You take your chair in a quiet Austin cafe, ordering your drink. The scene is set: An empty floor stage in front of your table, seats ready, instruments waiting. Five men dressed in black calmly make their way to their places on stage. A white-haired man takes up his accordion, and begins.

With the opening solo, you are transported to a cafe in Buenos Aires, surrounded by dancers in flowing crimson skirts and wild roses in their hair. A moment later, a violin enters your sound-scene and you find yourself in a New York nightclub, swaying to the hip improv of jazz. You want to jump to your feet and dance around, but you also want to remain cool sitting at your table, snapping your fingers to the driving beat. Such is the power and exquisite plight in the music of Astor Piazzolla, jazz-tango-classical composer.

If you’ve never heard of Astor Piazzolla, then you are one of perhaps the greater majority who remain unaware of this Argentinian Nuevo Tango composer. Enter Austin Piazzolla Quintet, at your service. Astor Piazzolla was a popular composer in the 1950s-60s-70s, known in the New York music scene for the incorporation in his classical music of jazz and Argentinian dance themes. Austin Piazzolla Quintet specializes, specifically, in performing Astor Piazzolla’s music as well as original compositions by Jonathan Geer, the pianist for the group. APQ focuses heavily on improvisation, which allows each man’s individual talent to shine before returning to the seamless interweaving of instrumental sounds for which the group is known. “You’ll see a lot of people who interpret [Piazzolla’s music] just as classical music, straight off the page, and it’s so soulless,” James Anderson, a classically trained violinist and founder of the group, says. “A lot of times the bass and the piano will be playing off the page and whoever has the melody is really flourishing around with it and being really free with it and it kind of goes back and forth. There’s this kind of ebb and flow to it.”

The group initially received much attention from Austin’s dance community, but are clear that they mean to remain faithful to Piazzolla’s primarily musical audience. “We played Esquina Tango [a dance organization in Austin] and people went crazy,” says Anderson. “Especially the dancers latched on to it and kept asking us to play… One thing we’ve come to realize is that dance groups are not necessarily something we don’t want to play, but that’s not what we want to be. We’re not a dance group that does dances. We want to be a concert group and if people want to dance to it that’s great.”

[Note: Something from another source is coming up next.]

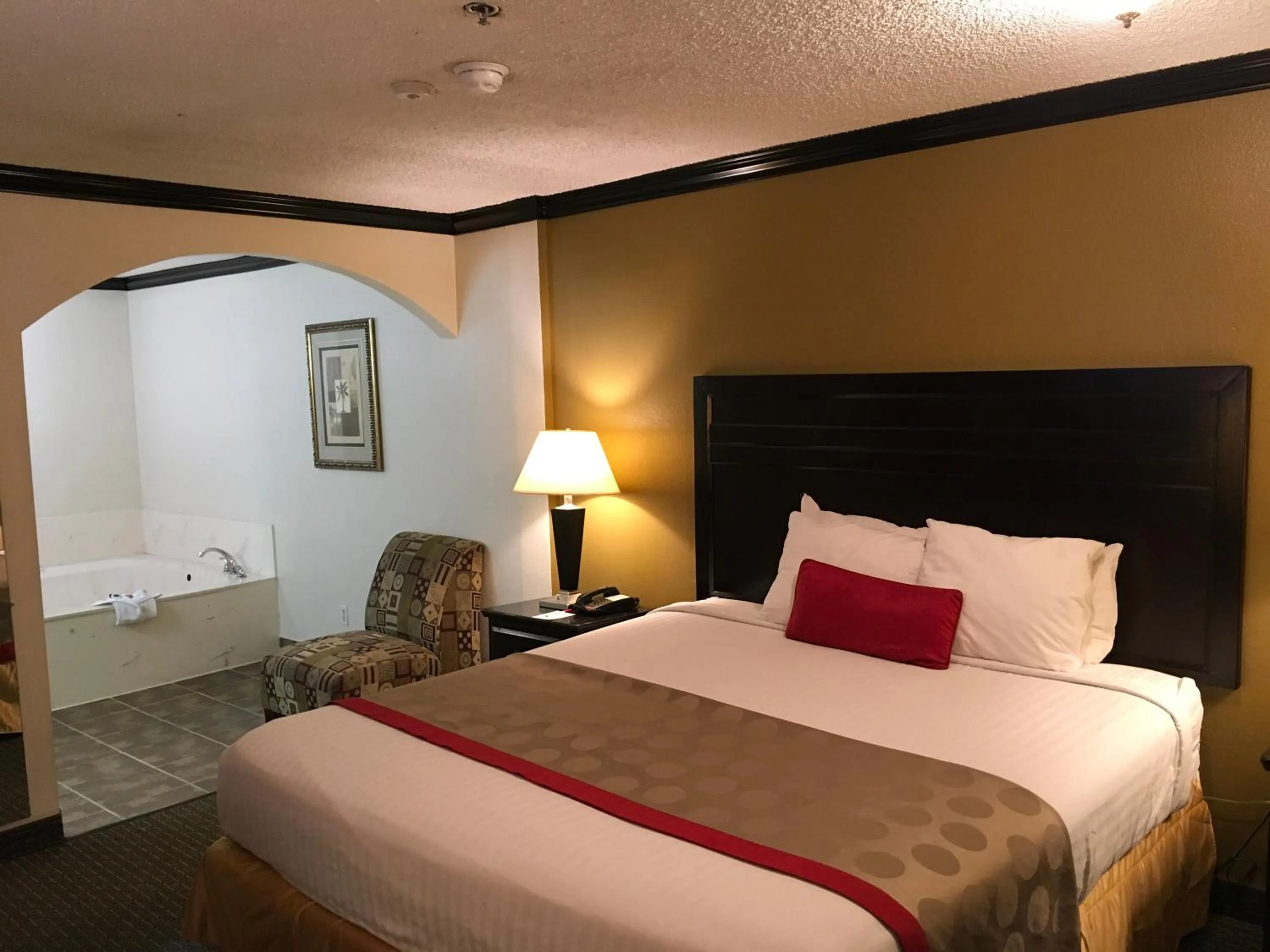 Bed in Ramada by Wyndham Ontario Airport & Convention Center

The Austin Piazzolla Quintet is a veritable musical match made in heaven – these men, who are more brotherhood than band, have come together in a lightning-strike rarity of circumstances. “I moved here, and it was kind of my idea to put the group together. It was something I had been wanting to do for awhile, being a fan of Piazzolla’s music. And I moved here, put an ad out on Craigslist – then Jon [Geer] answered the ad,” says Anderson. It snowballed from there. Geer laughs, “It’s kind of amazing. Honestly. I was just kind of looking around.” With Geer came the convenience of a resident composer and provider of rehearsal space and recording technology. After asking several musician friends for a recommendation of a good accordion player, Anderson stumbled on the name of Mike Maddux. Maddux joined the group soon after and was later followed by guitarist Chris McQueen and bassist Pat Harris, who each joined the group based on recommendations as well.

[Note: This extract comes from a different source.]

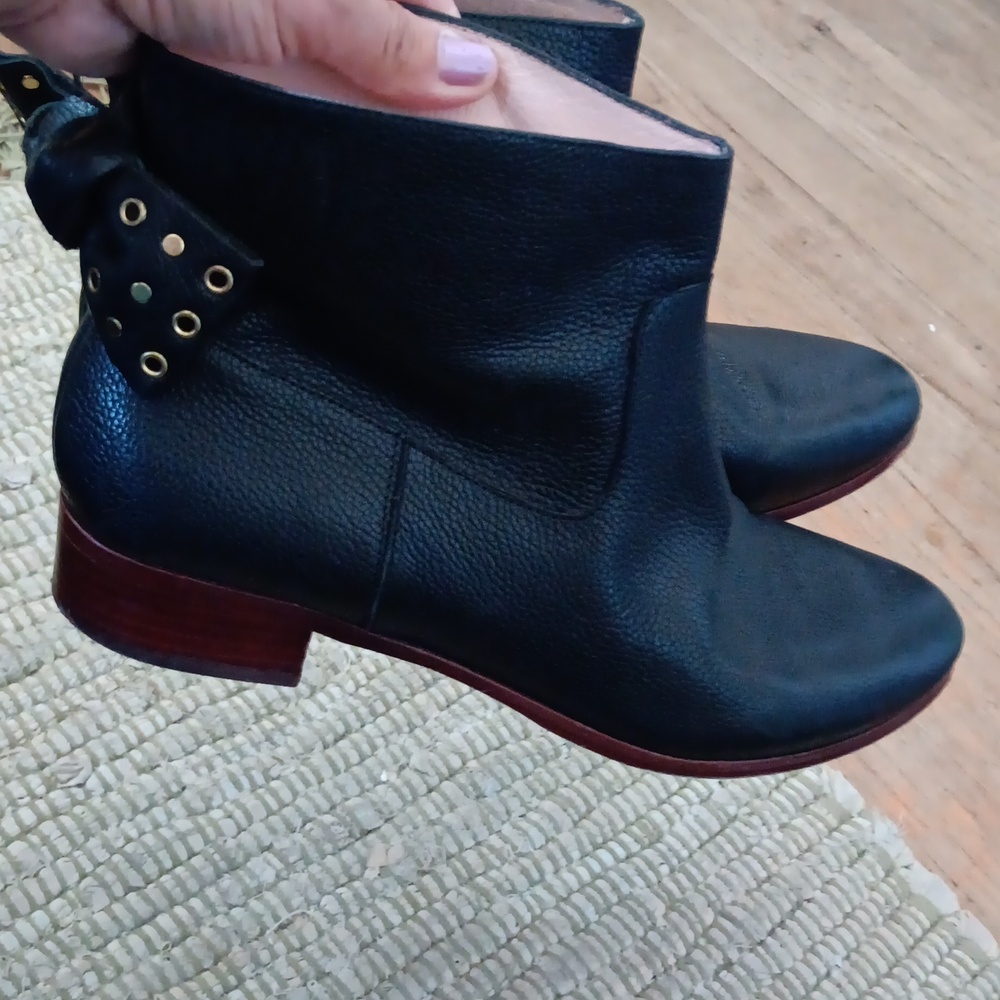Kate Spade Prospect Too Black Leather Studded Bow Ankle Boots Booties 9.5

There is a transformative quality about Piazzolla’s music. The music the band plays has an antiquated feel; the listener almost wishes for the grainy quality of vinyl to accompany the musical flavors of APQ. Jonathan Geer brilliantly taps into Piazzolla’s psyche in his own compositions as he sculpts his own creations in a similar style. “He’s [Piazzolla] got a lot of little motifs that you kind of hear over and over again. I started trying to create something in that same style, just looking at the scores of his, see how he created certain sounds. I try to emulate that a little bit while still making it my own sound but in that genre.” Geer’s modesty is deceiving; so closely has Geer been able to access Piazzolla’s style that parts of his own compositions are, at times, indistinguishable from those of Piazzolla. The men remain casually cool in their music-making, which is perhaps why it is just so darn fun to listen to the Austin Piazzolla Quintet. “Something we’ve talked about from the beginning was that we didn’t want … to play classical music, we wanted to play tangos in the way that he [Piazzolla] wanted,” says Anderson. If these musicians are reverent of anything in Piazzolla’s music, it is to be irreverent and maintain the grittiness of Piazzolla’s Nuevo Tango. Geer points out, “Much of the music is not on the page itself – you cannot notate how to have that dirt in there.”